Students should use Python 3 with Numpy/Scipy for the programming component of the homework. If you do not have prior experience with these libraries, please go through one of the following tutorials to familiarize yourself:

- Getting started with Python for science from the Scipy Lecture Notes
- Python Numpy Tutorial from the Stanford CS231n notes

**Grading:** Following institute policy, a minimum of 80% marks are required for an A grade, and minimum 30% marks for D.

**Late policy:** Homework assignments are due at midnight on the due date. You are allowed a total of 5 late days across all the assignments. Any assignment submitted late after the total allowed late days have been used will not be graded.

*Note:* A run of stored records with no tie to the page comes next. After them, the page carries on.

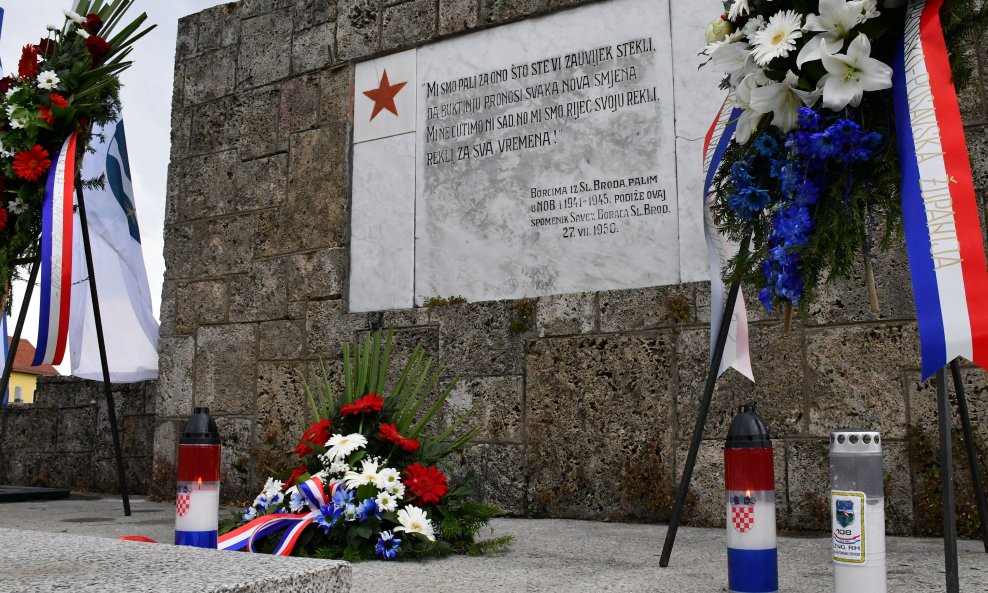 Slavonski Brod: Na Gradskom groblju položeni vijenci povodom Dana antifašističke borbe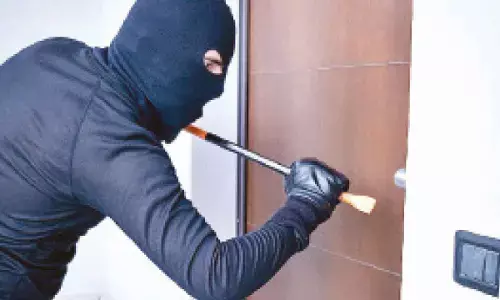 Juvenile detained for armed robbery in Delhi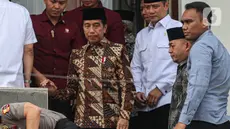 Presiden Republik Indonesia, Joko Widodo (Jokowi) saat melayat ke rumah duka Wakil Presiden RI ke-9 Hamzah Haz di Jalan Tegalan, Palmeriam, Matraman, Jakarta, Rabu (24/7/2024). (Liputan6.com/Angga Yuniar)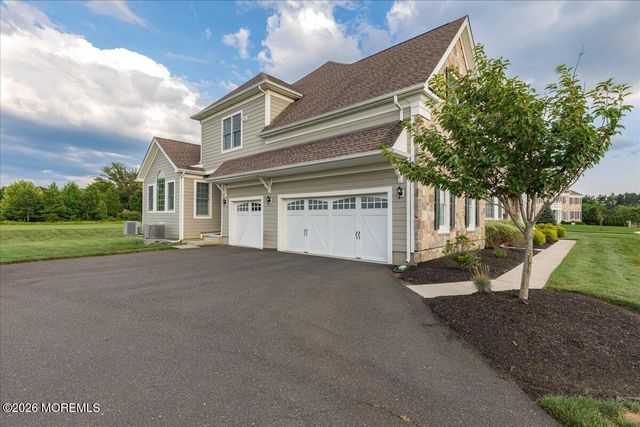4 Prestwick Court, Holmdel, NJ 07733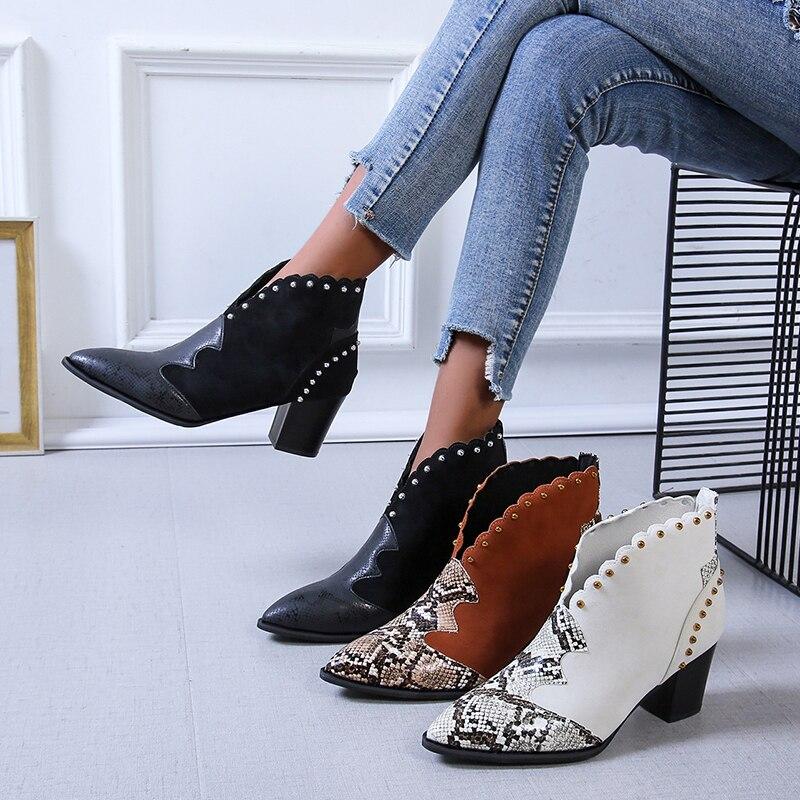 Botines Cowboy con Tachuelas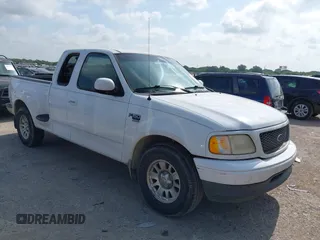 2001 Ford F-150 XL z VIN 2FTRX07W11CA79640, wystawiony jako IAAI lot #42528511 z przebiegiem Nie podano mil oraz . Historia ofert i sprzedaży dostępna na DreamBid. Obrazek 1.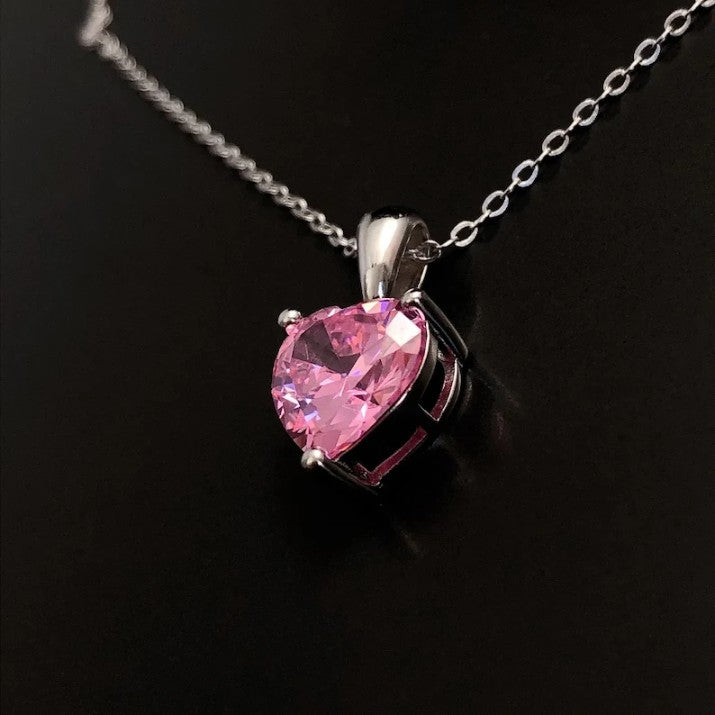 FINE HEART Necklaces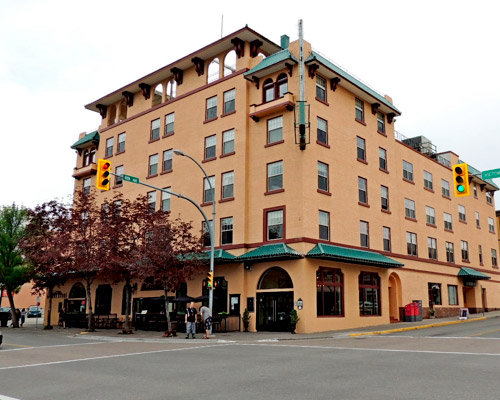 Hotel The Plaza Hotel ubicado en Kamloops Canadá | Colombian Tourist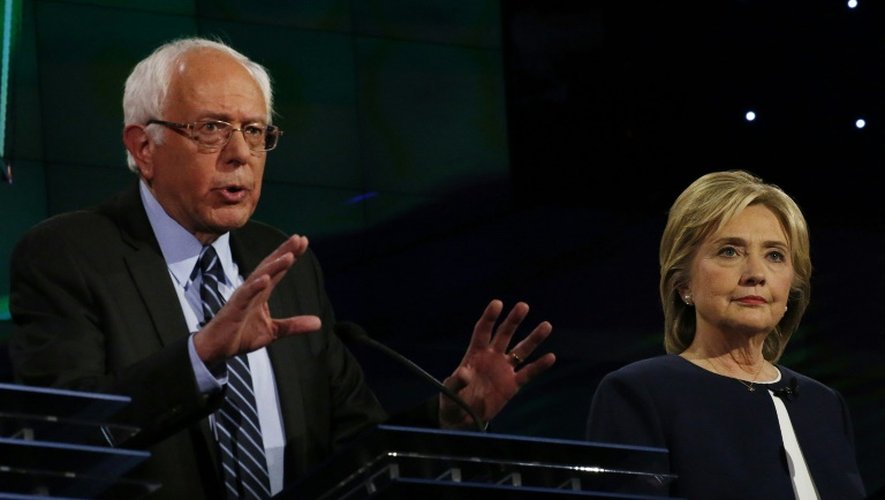 Hillary Clinton et Bernie Sanders, tous deux candidats à l'investiture démocrate s'expriment lors d'un débat télévisé à Las Vegas le 13 octobre 2015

**Audit policy:** A minimum of 40% marks is required for audit pass.

**Attendance policy:** ~~Attendance lower than 50% may result in a one-grade penalty (e.g. A to A–, or A– to B).~~ There are no attendance requirements.

**Collaboration policy:** Adapted from Dan Weld’s guidelines, via Mausam:

Collaboration is a very good thing. On the other hand, cheating is considered a very serious offense. Please don’t do it! Concern about cheating creates an unpleasant environment for everyone. If you cheat, you get a zero in the assignment, and additionally you risk losing your position as a student in the department and the institute. The department’s policy on cheating is to report any cases to the disciplinary committee. What follows afterwards is not fun.

So how do you draw the line between collaboration and cheating? Here’s a reasonable set of ground rules. Failure to understand and follow these rules will constitute cheating, and will be dealt with as per institute guidelines.

The Kyunki Saas Bhi Kabhi Bahu Thi Rule:This rule says that you are free to meet with fellow students(s) and discuss assignments with them. Writing on a board or shared piece of paper is acceptable during the meeting; however, you should not take any written (electronic or otherwise) record away from the meeting. This applies when the assignment is supposed to be an individual effort or whenever two teams discuss common problems they are each encountering (inter-group collaboration). After the meeting, engage in a half hour of mind-numbing activity (like watching an episode ofKyunki Saas Bhi Kabhi Bahu Thi), before starting to work on the assignment. This will assure that you are able to reconstruct what you learned from the meeting, by yourself, using your own brain.

The Right to Information Rule:To assure that all collaboration is on the level, you must always write the name(s) of your collaborators on your assignment. This also applies when two groups collaborate.